To be clear, AI model developers will likely continue chasing after larger compute cluster and bigger datasets for pretraining, and there’s probably more improvement to eke out of those methods. Elon Musk recently finished building a supercomputer with 100,000 GPUs, dubbed Colossus, to train xAI’s next models. There will be more, and larger, clusters to come.

But trends suggest exponential growth is not possible by simply using more GPUs with existing strategies, so new methods are suddenly getting more attention.


Test-time compute: The AI industry’s next big bet​


When OpenAI released a preview of its o1 model, the startup announced it was part of a new series of models separate from GPT.

OpenAI improved its GPT models largely through traditional scaling laws: more data, more power during pretraining. But now that method reportedly isn’t gaining them much. The o1 framework of models relies on a new concept, test-time compute, so called because the computing resources are used after a prompt, not before. The technique hasn’t been explored much yet in the context of neural networks, but is already showing promise.

Some are already pointing to test-time compute as the next method to scale AI systems.

“A number of experiments are showing that even though pretraining scaling laws may be slowing, the test-time scaling laws — where you give the model more compute at inference — can give increasing gains in performance,” said a16z’s Midha.

“OpenAI’s new ‘o’ series pushes [chain-of-thought] further, and requires far more computing resources, and therefore energy, to do so,” said famed AI researcher Yoshua Bengio in an op-ed on Tuesday. “We thus see a new form of computational scaling appear. Not just more training data and larger models but more time spent ‘thinking’ about answers.”

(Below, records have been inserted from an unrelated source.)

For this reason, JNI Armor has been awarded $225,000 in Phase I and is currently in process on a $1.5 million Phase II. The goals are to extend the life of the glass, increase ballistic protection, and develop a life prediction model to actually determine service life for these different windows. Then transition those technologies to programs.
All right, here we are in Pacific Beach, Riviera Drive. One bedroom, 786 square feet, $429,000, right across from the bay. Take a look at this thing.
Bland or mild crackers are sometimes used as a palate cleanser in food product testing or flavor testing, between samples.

Over a period of 10 to 30 seconds, OpenAI’s o1 model re-prompts itself several times, breaking down a large problem into a series of smaller ones. Despite ChatGPT saying it is “thinking,” it isn’t doing what humans do — although our internal problem-solving methods, which benefit from clear restatement of a problem and stepwise solutions, were key inspirations for the method.

A decade or so back, Noam Brown, who now leads OpenAI’s work on o1, was trying to build AI systems that could beat humans at poker. During a recent talk, Brown says he noticed at the time how human poker players took time to consider different scenarios before playing a hand. In 2017, he introduced a method to let a model “think” for 30 seconds before playing. In that time, the AI was playing different subgames, figuring out how different scenarios would play out to determine the best move.

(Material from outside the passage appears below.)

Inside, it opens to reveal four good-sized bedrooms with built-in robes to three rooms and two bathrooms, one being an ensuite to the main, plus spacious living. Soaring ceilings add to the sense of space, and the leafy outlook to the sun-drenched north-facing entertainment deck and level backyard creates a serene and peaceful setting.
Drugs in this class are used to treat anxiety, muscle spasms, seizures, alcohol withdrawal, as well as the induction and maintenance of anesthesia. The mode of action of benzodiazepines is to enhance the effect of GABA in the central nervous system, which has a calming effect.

Ultimately, the AI performed seven times better than his past attempts.

Granted, Brown’s research in 2017 did not use neural networks, which weren’t as popular at the time. However, MIT researchers released a paper last week showing that test-time compute significantly improves an AI model’s performance on reasoning tasks.

It’s not immediately clear how test-time compute would scale. It could mean that AI systems need a really long time to think about hard questions; maybe hours or even days. Another approach could be letting an AI model “think” through a questions on lots of chips simultaneously.

If test-time compute does take off as the next place to scale AI systems, Midha says the demand for AI chips that specialize in high-speed inference could go up dramatically. This could be good news for startups such as Groq or Cerebras, which specialize in fast AI inference chips. If finding the answer is just as compute-heavy as training the model, the “pick and shovel” providers in AI win again.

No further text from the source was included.